Those using OxyContin in search of illegal highs open themselves up to a myriad of problems, not least addiction.
OxyContin is used legally as a prescribed drug and illegally by recreational users seeking the highs this powerful pain reliever offers.
There are certainly valid reasons for its use, but it must also be noted that this drug has caused extensive damage to those using and abusing it.
What is it?
Introduced to the market as long ago as 1995 OxyContin is a strong, time-released drug. It is primarily used by those who require 24/7 relief from pain. Because of its slow-release qualities a dose lasts around 12 hours.
Users need to be fully aware that it contains oxycodone which is part of the opioid drug family. Other similar drugs include methadone, heroin, morphine and codeine.
Safe to use?
For those who require long-term pain relief and are prescribed it, dangers will be greatly reduced as long as guidelines for use are followed.
The caveat here is that the more regularly the drug is taken the greater the possibility of dependence. This is because the body and mind quickly build a tolerance to the drug.
Increasing tolerance means that more is required to achieve the same effects as previously experienced. If this cycle is allowed to continue then dependence on OxyContin is a possibility.
Dangers of illegal use:
Those using OxyContin in search of illegal highs are opening themselves up to a myriad of problems, not least addiction!
As mentioned, the drug works on a time release basis. Once swallowed initial effects kick-in, after this the special coating allows slow content release to ensure a consistent flow of pain relief.
Recreational users have no such time for delayed time-release. They will either crush the pill to release all of the oxycodone contained, or chew it to ensure full effects are theirs.
It is very easy to underestimate the actual strength and amount of oxycodone being taken and regular abuse is opening the door to a rapid dependence on the drug.
To add to the concerns, many observers believe that using OxyContin for recreational purposes serves as an effective gateway to moving on to heroin.

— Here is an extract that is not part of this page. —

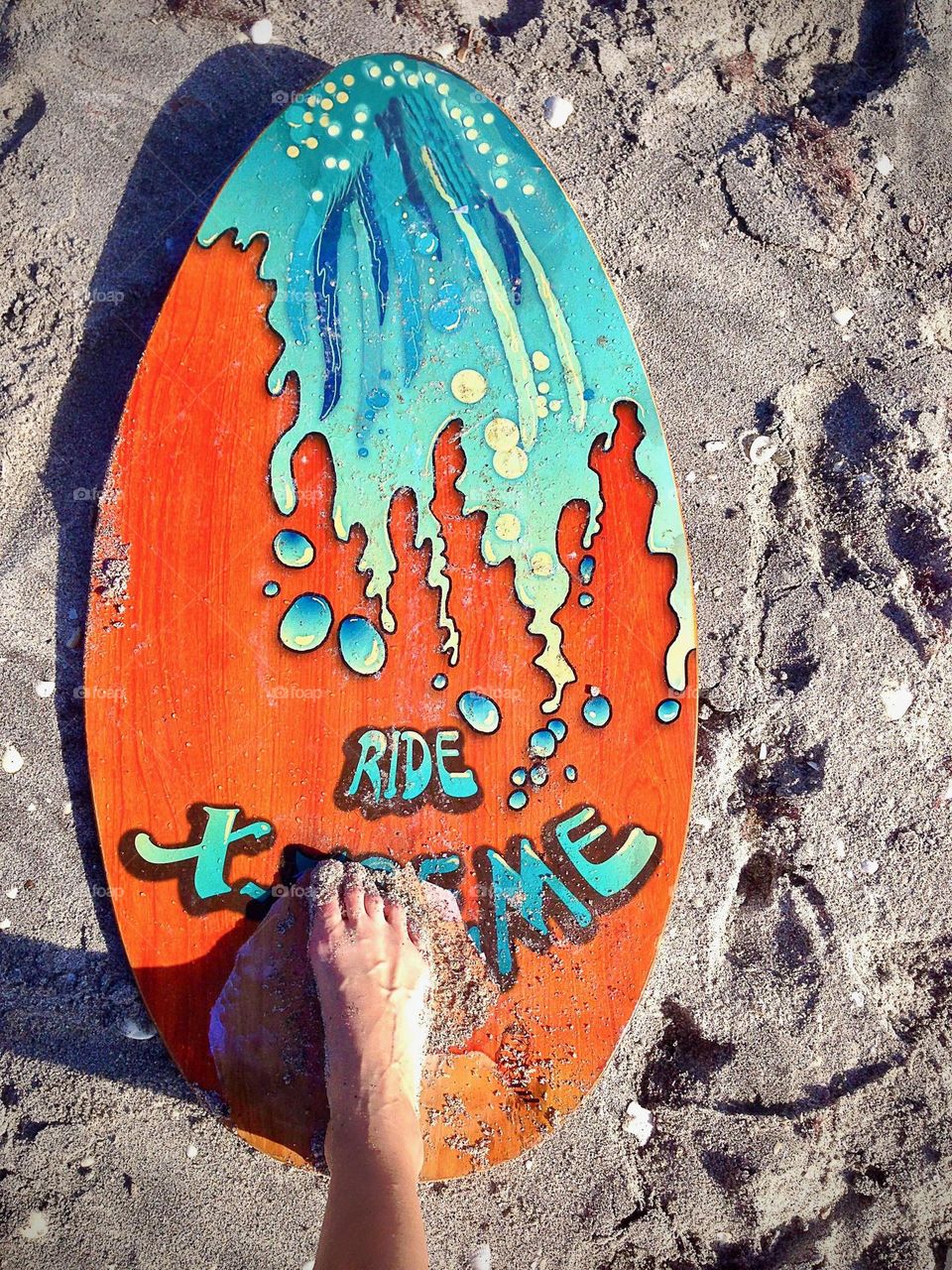 Surfboard on the beach.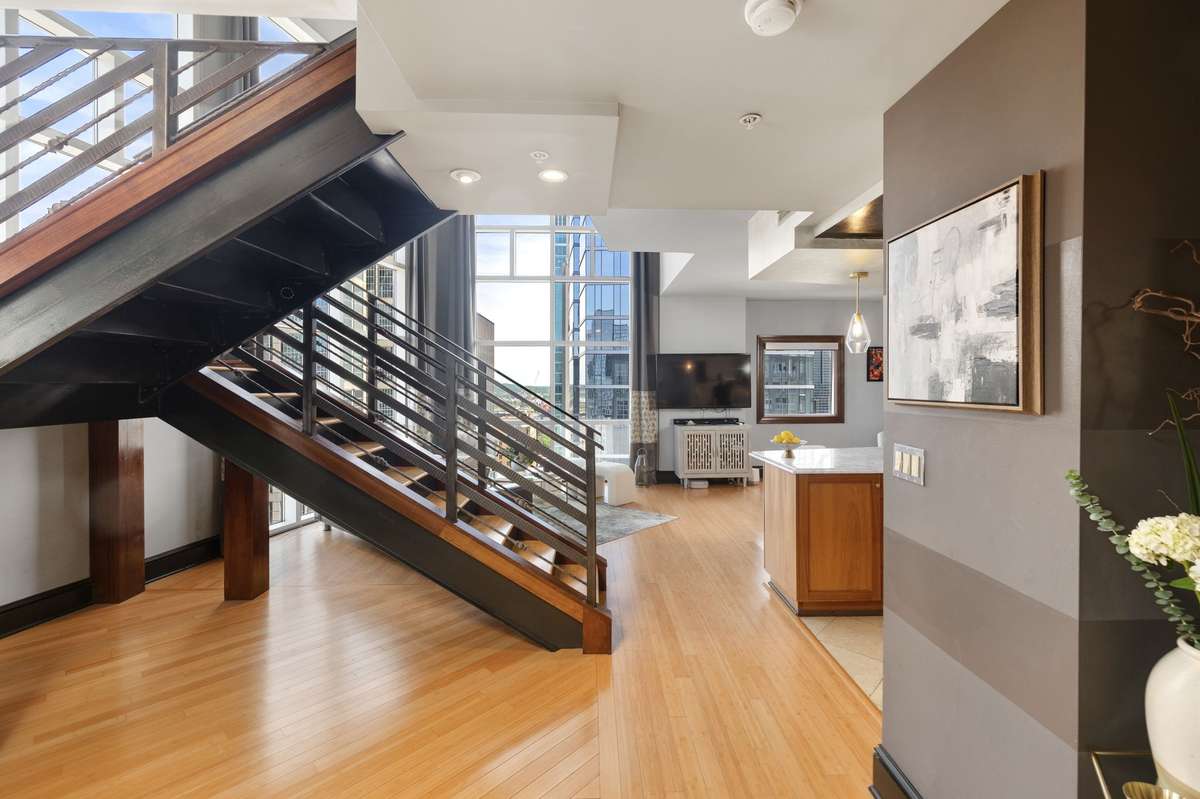 Stunning staircase to scenic landing area and bedroom levels.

5 signs that a person is dependent:
Here are 5 signs that will stand out if you are concerned about someone who is abusing OxyContin.
- Changes in personality – As dependence grows so the need for another hit becomes all-consuming. The effects on a person’s mood, levels of energy and level of concentration become very noticeable.
- Socially withdrawn – Loved ones, family and friends will take a back-seat as more time is spent in isolation or with other users.
- Appearance and routine – Diet is disrupted, sleep sporadic, glazed eyes are a given. Many have a constant cough and look permanently run-down. As for personal hygiene, this means little.
- Avoiding responsibilities – If employed, work will often be missed and responsibilities around the home or social obligations will be neglected.
- Highly-strung – Over-reactions to minor issues will be common, as will an unnecessarily defensive attitude. It is also common to speak harshly and out of turn to those closest to them.
Don’t dabble with OxyContin:
This is a powerful drug. It is dangerous enough for those who are prescribed it. Abusing it offers a high risk of a rapid dependence and the many unwanted problems this brings with it.